In a moving coil galvanometer, the voltage sensitivity is given by the formula:

$ \text{Voltage sensitivity} = \frac{\theta}{V} = \frac{N \cdot A \cdot B}{c \cdot R} $

Here, $ \theta $ is the deflection angle, $ V $ is the voltage, $ N $ is the number of turns, $ A $ is the coil area, $ B $ is the magnetic field, $ c $ is the torsional constant of the spring, and $ R $ is the resistance of the coil.
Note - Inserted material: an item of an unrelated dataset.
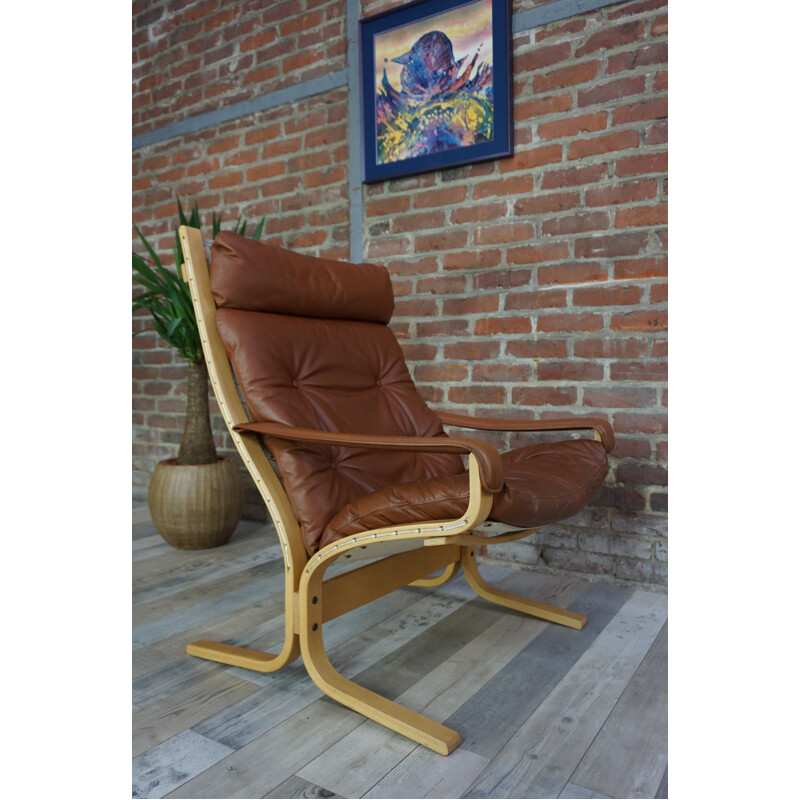 "Siesta" leather lounge chair by Ingmar Relling for Westnofa - 1960s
For the two moving coils $ \mathrm{M}_1 $ and $ \mathrm{M}_2 $, we want to determine the ratio of their voltage sensitivities. Given that the torsional constant $ c $ is the same for both coils, we can express the ratio as:

$ \text{Ratio of voltage sensitivities} = \left(\frac{N_1 \cdot A_1 \cdot B_1}{N_2 \cdot A_2 \cdot B_2}\right) \cdot \frac{R_2}{R_1} $

Plugging in the given values:

$ N_1 = 15 $

$ A_1 = 3.6 \times 10^{-3} \, \text{m}^2 $

$ B_1 = 0.25 \, \text{T} $

$ R_1 = 5 \, \Omega $

$ N_2 = 21 $

$ A_2 = 1.8 \times 10^{-3} \, \text{m}^2 $

$ B_2 = 0.50 \, \text{T} $

$ R_2 = 7 \, \Omega $

We calculate:

$ \text{Ratio} = \left(\frac{15 \times 3.6 \times 0.25}{21 \times 1.8 \times 0.5}\right) \times \frac{7}{5} = \frac{1}{1} $

Thus, the ratio of the voltage sensitivities of $ M_1 $ to $ M_2 $ is 1:1.